● YOUR TASK: Please copy exactly the part of the records below that opens with the line containing "Question 293: The" and closes with the line containing "Sing Se Episode", leaving out any pictures.

● TASK DATA:
· · · · · · ·
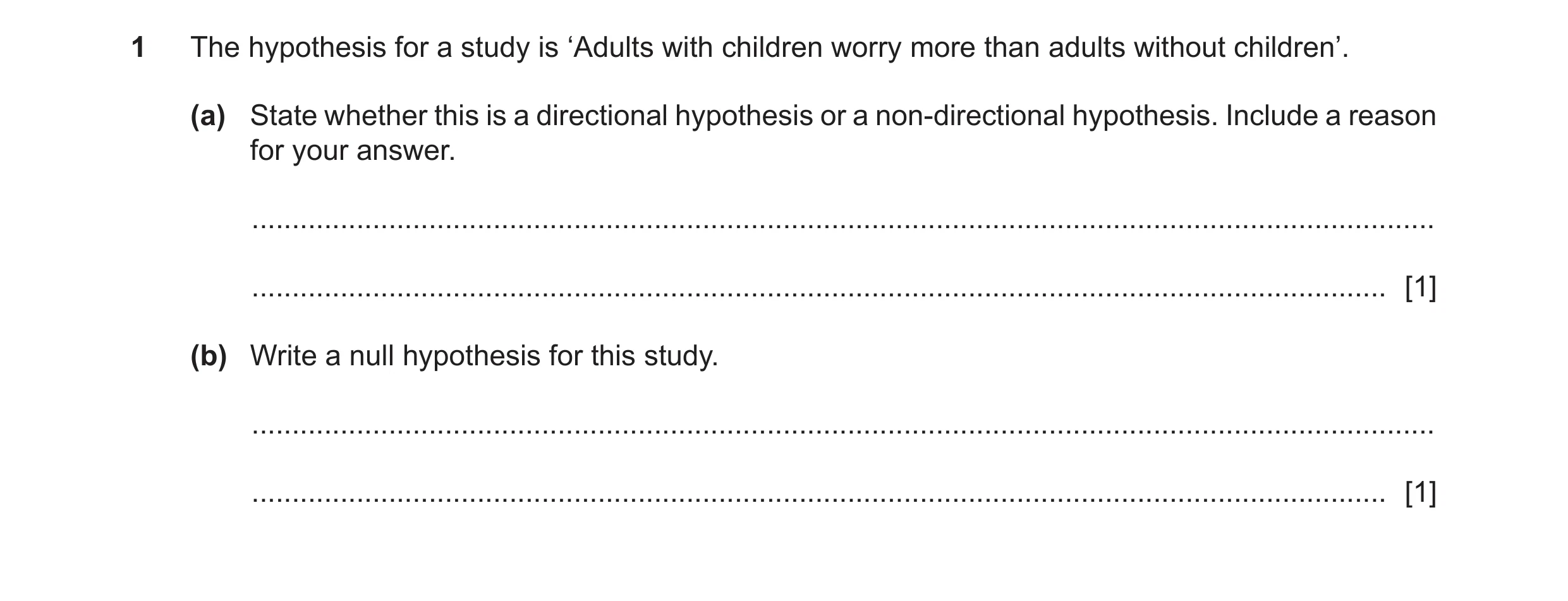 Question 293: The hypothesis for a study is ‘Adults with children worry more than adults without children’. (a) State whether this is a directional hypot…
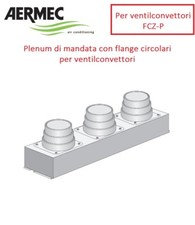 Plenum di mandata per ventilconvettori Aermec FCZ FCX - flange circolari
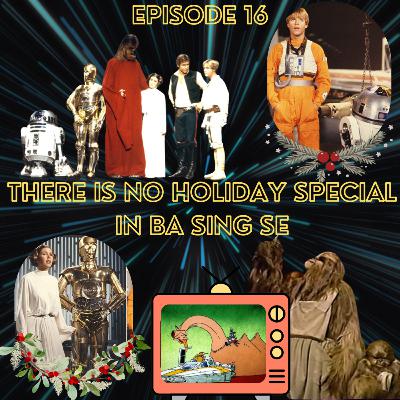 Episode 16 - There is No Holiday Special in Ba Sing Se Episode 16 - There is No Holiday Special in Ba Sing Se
· · · · · · ·
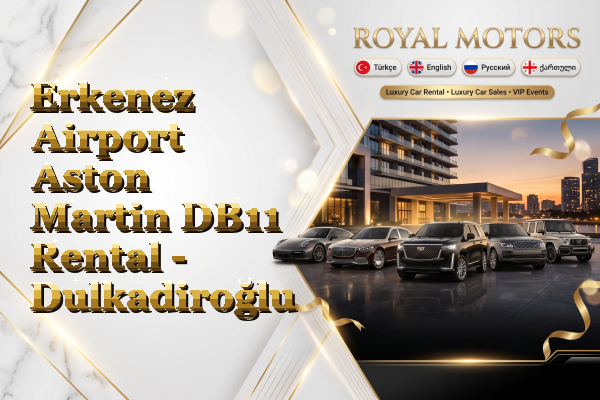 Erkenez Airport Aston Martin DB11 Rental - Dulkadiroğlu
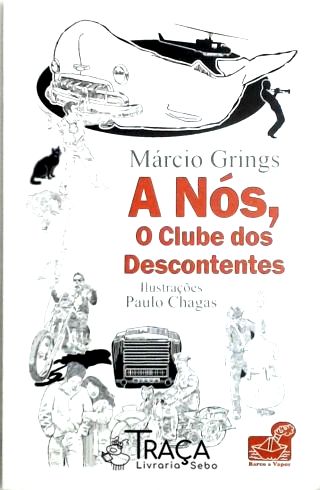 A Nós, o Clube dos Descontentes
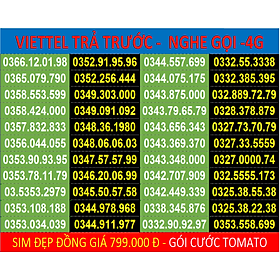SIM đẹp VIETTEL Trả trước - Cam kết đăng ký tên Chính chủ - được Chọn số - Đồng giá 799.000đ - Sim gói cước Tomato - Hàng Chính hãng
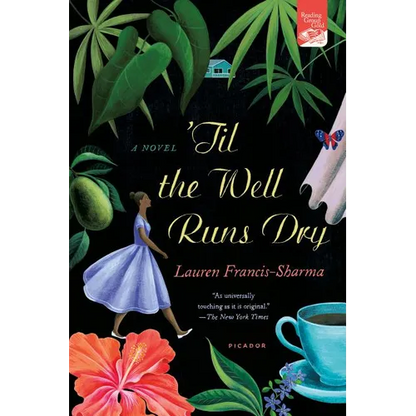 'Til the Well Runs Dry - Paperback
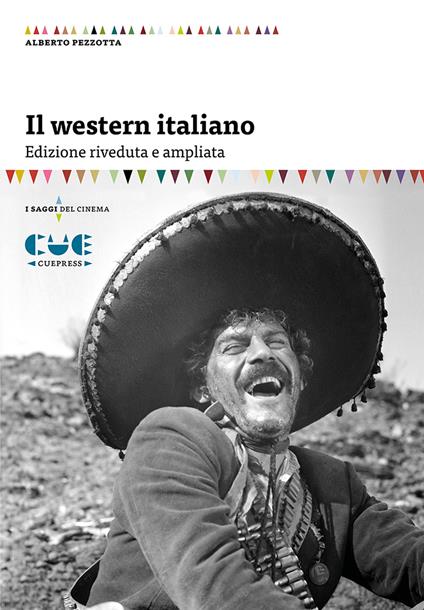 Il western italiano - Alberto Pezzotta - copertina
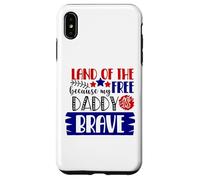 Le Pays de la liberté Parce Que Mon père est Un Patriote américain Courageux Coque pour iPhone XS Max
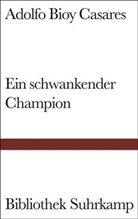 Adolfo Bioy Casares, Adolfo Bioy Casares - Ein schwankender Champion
· · · · · · ·
● ANSWER TO THIS TASK:
 Question 293: The hypothesis for a study is ‘Adults with children worry more than adults without children’. (a) State whether this is a directional hypot…
 Plenum di mandata per ventilconvettori Aermec FCZ FCX - flange circolari
 Episode 16 - There is No Holiday Special in Ba Sing Se Episode 16 - There is No Holiday Special in Ba Sing Se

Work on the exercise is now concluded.